Ale and Cheddar Soup #soupswappers
adapted from Food and Wine

1/2 pound bacon, cut into narrow lardons
2 celery ribs, finely chopped
1 carrot, peeled and finely chopped
1/2 medium onion, finely chopped
1 large jalapeno, seeded, deveined and chopped
3 cloves garlic, minced
1 tsp dry thyme or 1 Tbsp fresh thyme
12-oz beer (ale, lager or pilsner)
2 1/4 cups chicken stock
4 Tbsp unsalted butter
1/4 cup flour
1 cup heavy cream
1/2 pound sharp cheddar, shredded
1/3 pound smoked cheddar, shredded
Salt and fresh ground pepper, to taste

In a large Dutch oven, cook the bacon until crisp.  Remove bacon to a plate and set aside.  Add the celery, carrot, onion, garlic, jalapeno, and thyme to the pan.  Cook until the vegetables are softened.  Add 6-ounces of beer and cook until reduced by half.  Add the chicken stock and bring to a simmer.

In a small pan melt the butter.  Add the flour and whisk over medium heat until the roux is light brown.  Whisk the mixture into the soup and bring to a simmer.  Cook until the soup has thickened.  Add the cream, cheddar cheeses, and the remaining 6-ounces of beer.  Stir until the soup is thick and creamy.  Stir in the bacon.  Taste and season with salt and pepper.

PRINTABLE RECIPE


While eating leftover soup for lunch I could be heard saying, "I like this soup."  "I really like this soup."  You will too.

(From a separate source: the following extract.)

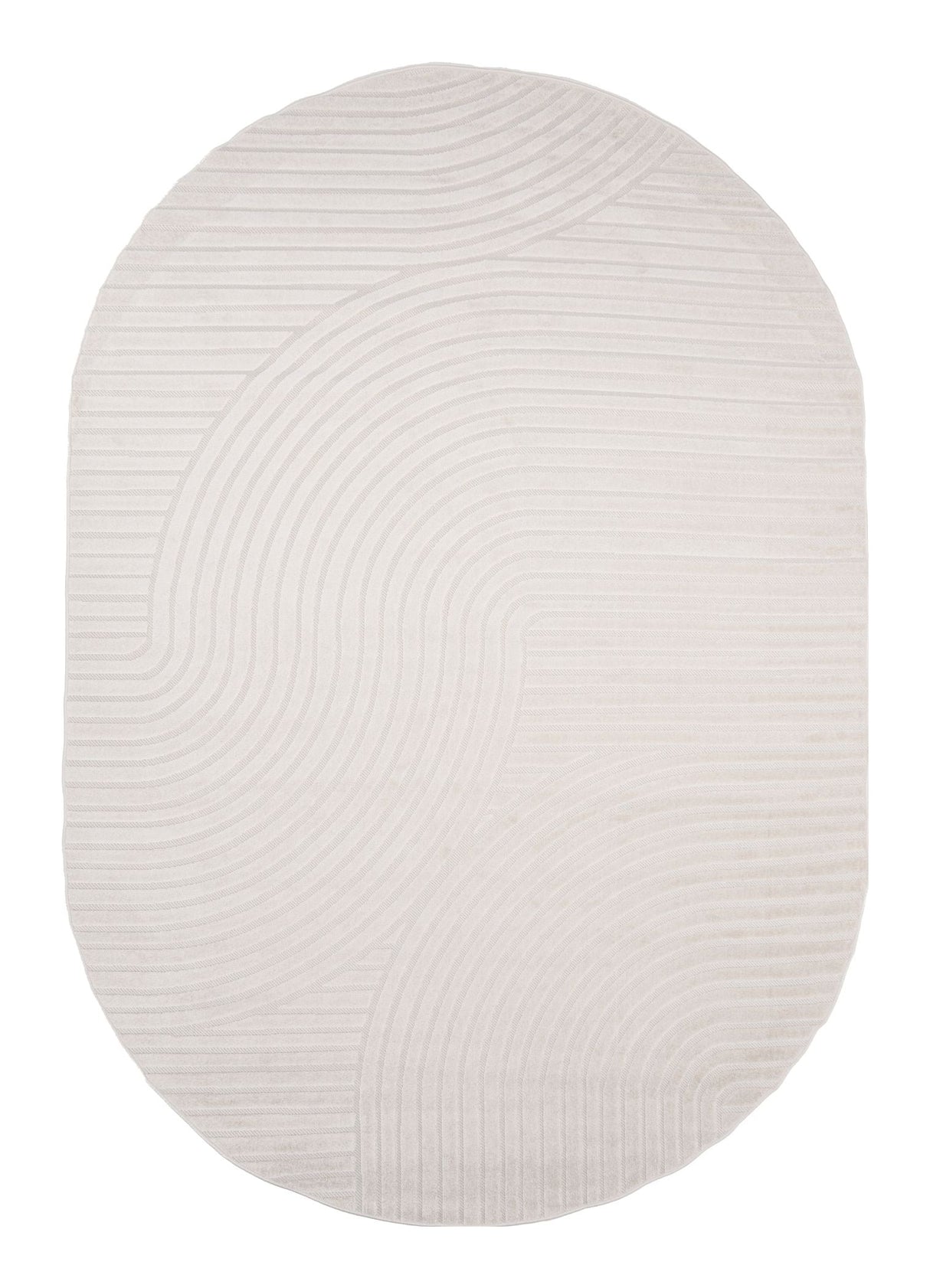 Vince Carpet, Polypropylene, White, 340x240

The Saturday Soup Swappers is a group of bloggers brought together by Wendy at A Day in the Life on the Farm. The group gets together on the third Saturday of the month to share soups or stews based on a theme selected by one of the members. If you are interested in joining in on the fun, follow the link above for more information. All are welcome!


4 comments:

  1. Wow, that does sound delicious! And, yes, there are so many brands of brew popping up it's hard to keep track! Lots of local breweries too! Thanks for the great theme.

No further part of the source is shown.